The score is just out and available on limited edition neon green vinyl, the inaugural release in an ambitious series of fifteen soundtracks to the midnight movies the band’s played live to in the past five years. This one is a very cleverly intertwined series of three themes and variations, comprising both original soundtrack pieces and newly composed material. Although keyboardist Dan Kessler used his synclavier to trigger the occasional motorik loop, and guitarist/bandleader Devon E. Levins seemed to have an atmospheric wash or two stashed away in a pedal, everything else was completely live. Bassist John Castro matched a looming, booming presence to poinpoint precision in tandem with drummer Shaun Lowecki, who impressed with his tightness and subtlety despite having been pressed into service with just two rehearsals.

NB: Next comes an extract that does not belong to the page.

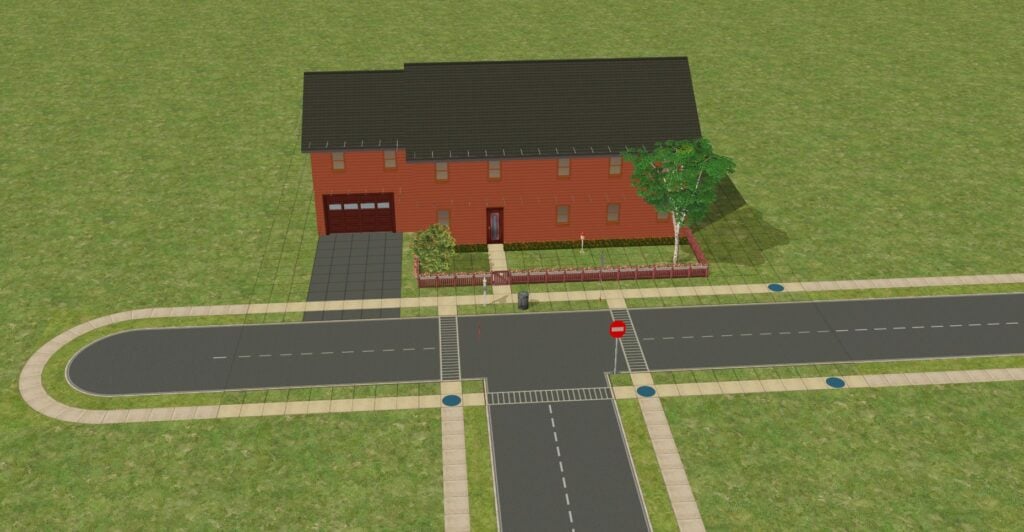 GUIDE: How To Use The Sims 2 Portals In Builds For Fun And Immersion 8 A house with pedestrian portals marked with blue rugs.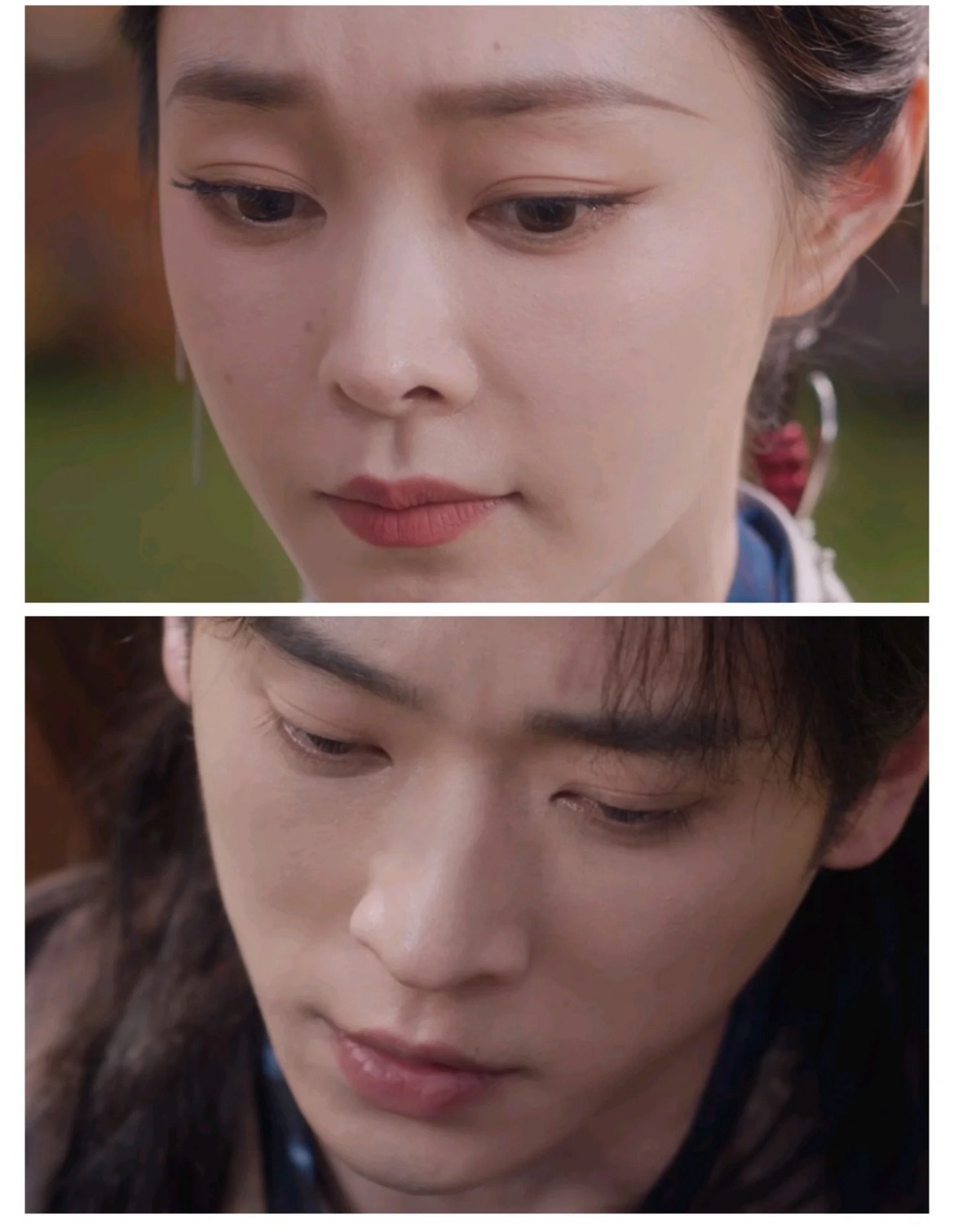 与晋长安真是一点磨皮都不给开与晋长安怼脸镜头来的时候感觉这个剧是一点磨皮都没给开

Kessler took centerstage most of the time with an endlessly shifting series of texures: eerily twinkling electric piano, sardonic wah-wah chromatics, ghostly music-box glockenspiel and warpy, rasping 60s synth tones. Levins lurked in the corner, stage left and alternated expertly between stilletto tremolo-picking, a little spaghetti western twang, elegantly menacing ripples and lingering, murderous ambience.
And like the movie, the score was absolutely hilarious in places. With an almost simultaneous flash of grins throughout the band, the group gently worked their way through a twinkling, sotto-voce love theme while a bizarre hint of romance between humans beseiged by zombies flickered onscreen. And the sudden, emphatic jolts in a couple of segments of the increasingly macabre main theme turned out not to mirror gunshots, or zombie deathblows. Timed to the split second, those sudden hits drove home the nails that the film’s protagonist was lackadaisically hammering in order to bar the doors and windows of the house that serves as the set for almost the entire film.
About the movie: for those who haven’t seen it, it’s like an Ed Wood production. Eighty percent of the budget gets saved for the vehicles and extras at the end. Watching how Romero pads the film to stretch it out to full-feature length – here’s the Pontiac going up the hill! Now here it is going down that same hill! – is funny at first and then leaves you wondering whether it’s time to take a break for a snack, or for the bathroom. Both of which would have been an option, had the band not been playing: the venue is primarily a bar/restaurant that just happens to show movies. The only real mystery here was where the box office was. “Upstairs!” hollered the guy behind the downtstairs bar. But the only office up there didn’t open until right before the performance.